• **Records provided**
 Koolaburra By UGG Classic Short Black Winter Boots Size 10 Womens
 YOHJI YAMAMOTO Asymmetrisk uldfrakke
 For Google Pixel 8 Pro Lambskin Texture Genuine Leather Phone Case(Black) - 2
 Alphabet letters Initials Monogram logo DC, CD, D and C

--

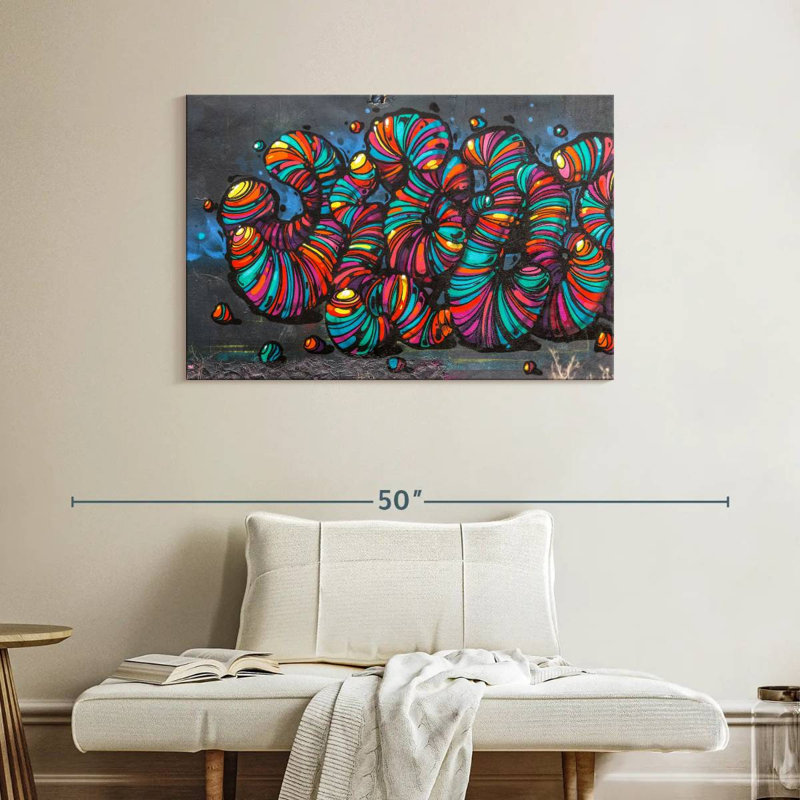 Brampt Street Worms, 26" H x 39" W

• **Activity**
In the listing above, find the line with "YOHJI YAMAMOTO Asymmetrisk uldfrakke" and the line with "Alphabet letters Initials"; set down exactly those two lines and every line between them, nothing more.

• **Exercise answer**
 YOHJI YAMAMOTO Asymmetrisk uldfrakke
 For Google Pixel 8 Pro Lambskin Texture Genuine Leather Phone Case(Black) - 2
 Alphabet letters Initials Monogram logo DC, CD, D and C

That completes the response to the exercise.